This emphatic commitment to the melting pot of America was inspiring to many, but it also brought Baldwin harsh criticism. In his influential pamphlet The Crisis of the Negro Intellectual, Harold Cruse, for example, attacked Baldwin in 1967 as a “rather innocent and provincial intellectual”, bending “over backwards to avoid criticism of Jews while pretending to be angry with whites”.[3] And he accused him of downplaying the power of Jews in America. If not as a “Jew-lover,” then certainly as an “apologist for the Jews,”[4] Baldwin allowed himself to be drawn into a conspiracy in which the Jews were working to integrate Black people in order to hinder their struggle for their own identity, culture, and ultimately nation, while they had created that very thing for themselves. As rival “nationalisms” within the U.S., whose common fate is that they cannot and will not be absorbed without trace into the integrated white America, Jews and Black people become antipodes for Cruse, whose struggle for their own collective identity is essentially modeled agonistically. However, while Jewish identity as a cultural identity appears clearly contoured for Cruse, and with the founding of the state of Israel in 1948 a homeland was created that also gave the Jews within the United States great assertiveness, both the cultural unity of the Black community and their claim to their own nation state remained unrealized, with the demand for integration and assimilation of Black Americans – also and especially advocated by American Jews – standing in the way of the realization of these ideals.  

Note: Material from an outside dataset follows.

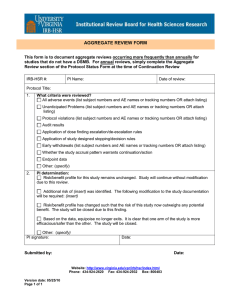 Aggregate Review Form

Unlike Baldwin, whose literary treatment of antisemitic images and tropes is often fractured, Cruse presents a narrative that is antisemitic in its entirety. Against the backdrop of the ethnic pluralism he advocates for, he can only perceive the demand for integration in the mode of assimilation of Black people into the American majority society as a betrayal of the cause of a decidedly Black American identity and culture, and it is then above all American Jewry that Cruse identifies as the sinister power that encourages this betrayal, by the very fact that it has accompanied and actively supported the integration efforts of Black people in the course of the civil rights movement in solidarity. What strikes me as decisive here is not so much the antisemitic resentment that Cruse obviously harbored as an individual, and which runs like a red thread through his brilliant polemic, but rather that this resentment emerges in the context of a fundamentally different view than Baldwin’s of what the emancipation of Black people in America would ultimately mean. Where Baldwin’s universalism remains rooted in the ideal of integrating an American identity, Cruse rejects this integration in favor of ethnic pluralism.

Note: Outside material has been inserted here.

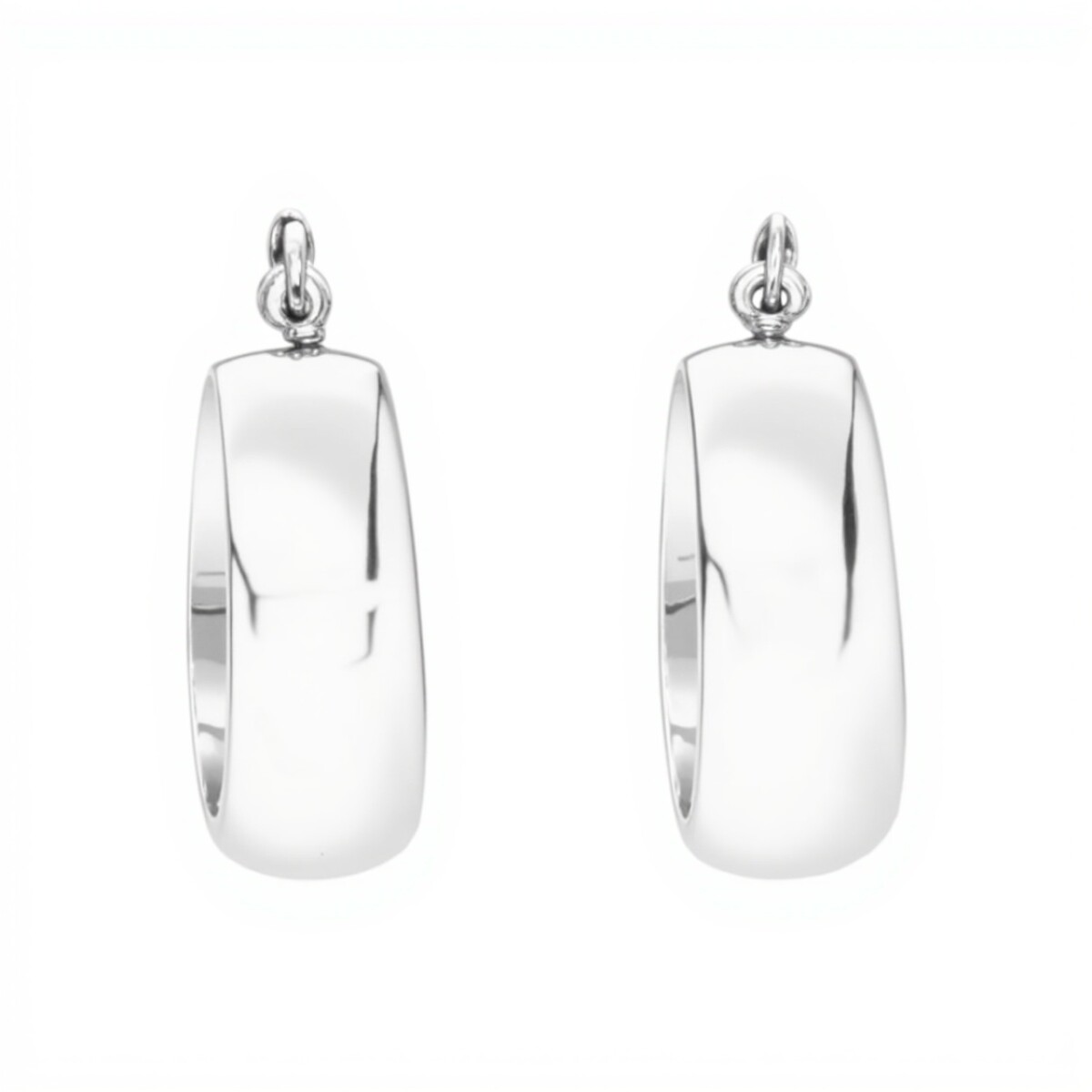 Caravanas Aros anchos- Plata 925 - Sin piedra - CA4120 - sinpiedra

James Baldwin, 1969. Wikipedia Commons.

Cruse’s antisemitism did not go unnoticed and was criticized early on[5], but his diagnosis of the crisis was groundbreaking. And while Baldwin’s “innocent” universalism seemed romantic and outdated in the face of growing Black-white tensions, the ethnic pluralism advocated by Cruse became the paradigm of identity politics agitation within the Black Power movement. Black nationalist groups and the notoriously antisemitic Black Muslims quickly gained influence in the movement, and the anti-Jewish resentment found in much of the movement’s literature had an impact on those Jews who were recognizably Jewish and also on those who lived among the Black community, which did not apply as such to the assimilated Jews in the suburbs. In the late 1960s, the U.S. experienced a wave of inner-city violence in which anger against the “white exploiting class” in integrated neighborhoods was regularly vented against Jews and their property. 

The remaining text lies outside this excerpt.